A formulação de um projeto deve inicialmente atender a NBR 14323/1999 – dimensionamento das estruturas de aço edifício e a NBR 14432/2001 - exigências de resistência ao fogo de elementos construtivos de edificações. 

 

Isso quer dizer que os materiais usados precisam atender a essas normas, que estabelecem as condições mínimas a serem atendidas pelos elementos estruturais (entre eles o aço). 

 

Ocorre que a maioria dos bons fornecedores de aço já cumprem com as exigências e oferecem ligas de aço carbono que atendem ao TRRF, mas só isso não é o suficiente. Para assegurar a proteção do fogo das estruturas metálicas é fundamental contar com:

Argamassa projetada (baixa densidade)

A maioria das proteções passivas recebem argamassas projetadas de baixa densidade, um material de custo inferior, que reduz a ação do fogo sobre as estruturas metálicas, bem como o tempo para a degradação da estrutura.

 

A argamassa apresenta uma composição de cimento, água, areia e rochas, como a vermiculita, capazes de aumentar o isolamento térmico. Geralmente essa camada apresenta de 2 cm a 5 cm de espessura. Sua aplicação é feita com equipamentos de projeção pneumática, que distribuem o material por toda a estrutura, gerando um acabamento uniforme e rústico. 

Tintas intumescentes

A tinta intumescente é um tipo de primer epóxi com aparência semelhante às pinturas convencionais.
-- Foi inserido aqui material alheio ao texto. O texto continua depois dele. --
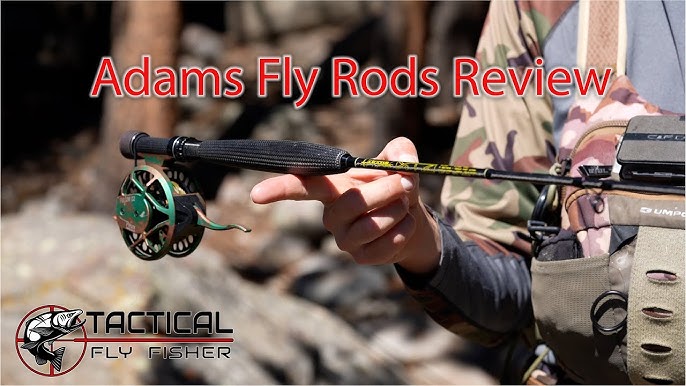 Diamondback Ideal Nymph Rod Review, Holsinger's Fly Shop 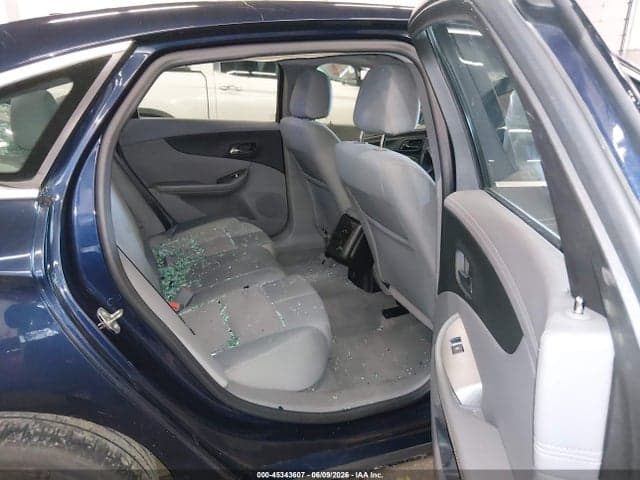 2017 CHEVROLET IMPALA LS 8
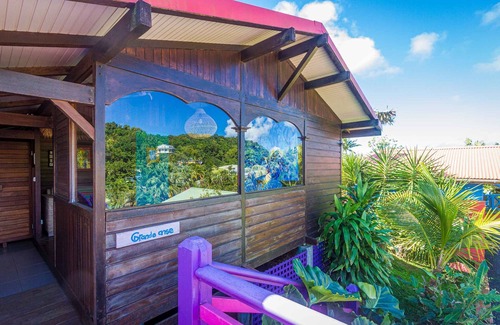 Cafeiere Casa | Ecolodge Grande Anse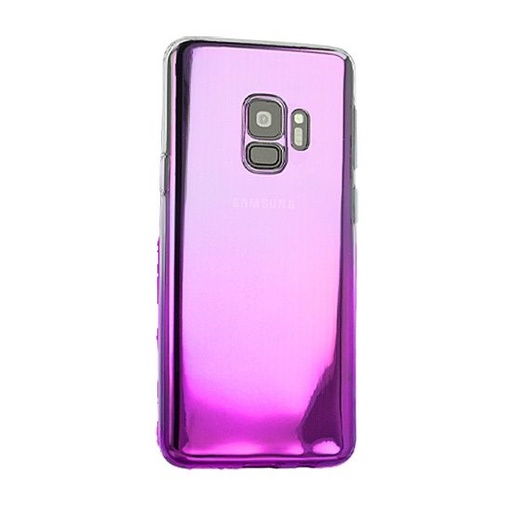 Huawei Y6 2018 ombre zadní kryt (Růžová)
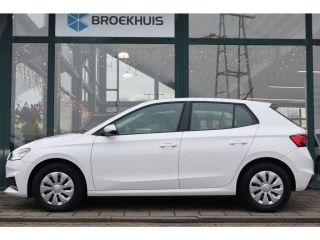 Skoda Fabia 1.0 TSI Ambition 95PK | Airco | Apple Carplay/Android Auto|telefoonintegratie premium | Cruise co...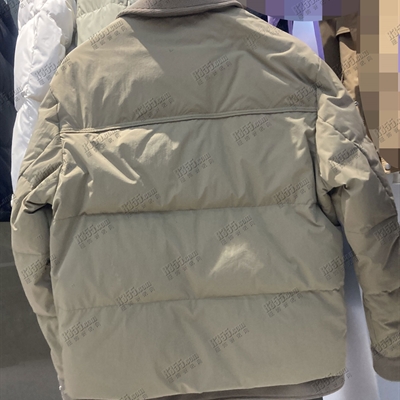 市场上装-棉衣/羽绒服-休闲棉服【实拍】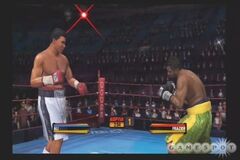 Fight Night Round 3 (Playstation 2)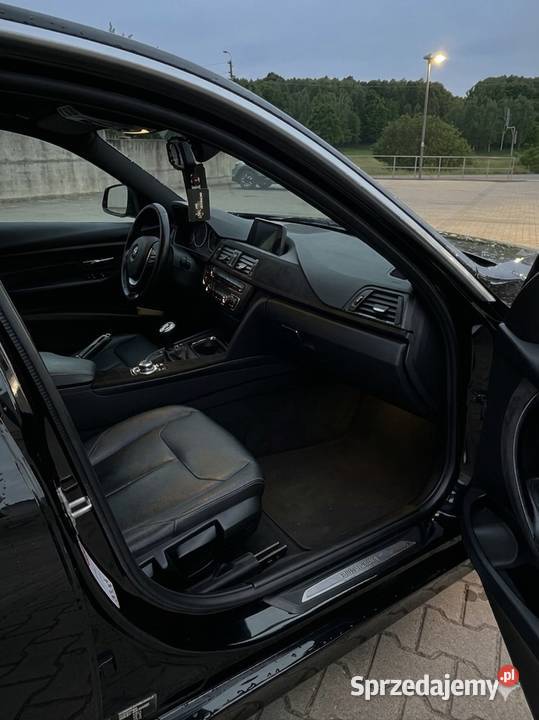 BMW F30 20D ModernLine Suchedniów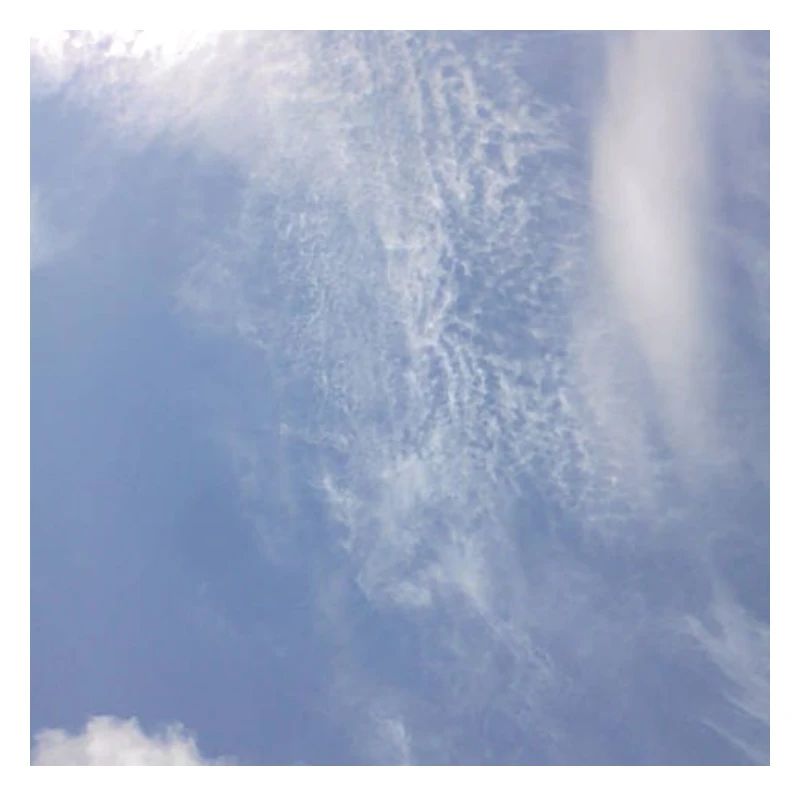 Ciel bleu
Composta de poliamida ou poliamina, apresenta ótima absorção em superfícies porosas, no entanto, sua maior função é aumentar a proteção ao fogo de estruturas metálicas e alvenaria. 

 

Ao ser exposta a temperaturas acima de 200ºC, a tinta intumescente inicia o processo de expansão de volume, tornando-se assim uma espécie de filme isolante que reduz a ação das chamas sobre a estrutura metálica. Os gases agem juntamente com a resina, que em contato com fogo forma uma espécie de espuma semi rígida, impedindo a elevação da temperatura e a expansão do fogo.

 

Apesar do acabamento ser semelhante às pinturas comuns, a pintura intumescente é uma pintura técnica que exige conhecimento para sua aplicação. Geralmente é feita a preparação mecânica do local que receberá a tinta com jateamento ou lixamento, visto que a superfície precisa estar livre de qualquer resíduo que possa comprometer sua aderência. 

Manta de fibra cerâmica 

As mantas de fibra cerâmica são um excelente sistema de proteção contra fogo em estruturas metálicas. São produzidas com alumina, sílica e zircônia em um processo moderno e são fixadas às estruturas metálicas por meio de pinos cobreados e arruelas galvanizadas, aumentando sua resistência. 

 

São especialmente recomendadas para o revestimentos de estruturas metálicas em geral, portas-corta fogo, fornos contínuos e intermitentes, caldeiras, entre outras estruturas submetidas a altas temperaturas.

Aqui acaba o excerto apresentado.